Alessandro Zaccuri, Avvenire.it, 06.11.21
“Incalzato da messaggi che rettificano indirizzi e telefonate che precisano orari, l’intervistatore solleva lo sguardo perplesso verso l’intervistato: «Si rende conto – gli dice – che questa potrebbe essere la scena di un suo romanzo?». Rodrigo Fresán non si scompone, limitandosi a un laconico «Spiacente», ma si capisce che è divertito dalla situazione e forse anche un po’ lusingato. «Io non scrivo libri complicati – rivendica –. Evito di annoiarmi, semmai». Nato a Buenos Aires nel 1963, Fresán vive a Barcellona dal 1999. «Gli spagnoli mi considerano troppo argentino e gli argentini troppo spagnolo – commenta –. Finora i riconoscimenti più importanti mi sono venuti dalla Francia e dal mondo anglosassone.
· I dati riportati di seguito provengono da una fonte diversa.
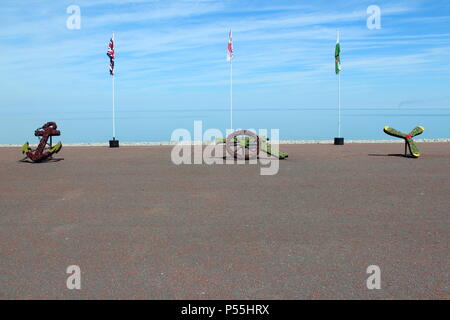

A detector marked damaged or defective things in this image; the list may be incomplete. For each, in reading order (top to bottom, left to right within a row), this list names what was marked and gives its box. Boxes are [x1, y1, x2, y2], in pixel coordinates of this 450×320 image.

rusty anchor sculpture [20, 122, 62, 164]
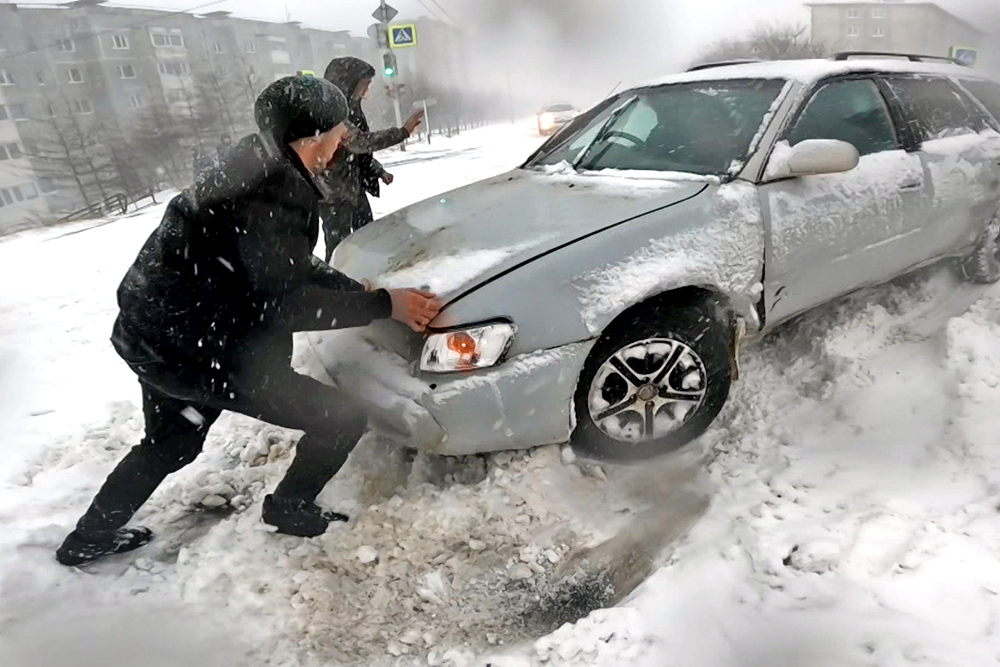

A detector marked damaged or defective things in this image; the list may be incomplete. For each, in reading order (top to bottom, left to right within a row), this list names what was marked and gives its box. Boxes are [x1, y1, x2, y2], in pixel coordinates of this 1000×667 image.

damaged car hood [332, 167, 708, 300]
E questo, sinceramente, turba un po’ il mio amor proprio. Sa, non vorrei che i miei traduttori scrivessero meglio di me».
Ospite del festival veneziano Incroci di Civiltà, Fresán ama scherzare e lo fa con tutta la serietà che un bambino metterebbe nei suoi giochi. L’infanzia, i rapporti familiari, gli affetti sono i temi fondamentali della sua opera, solo in parte edita nel nostro Paese”.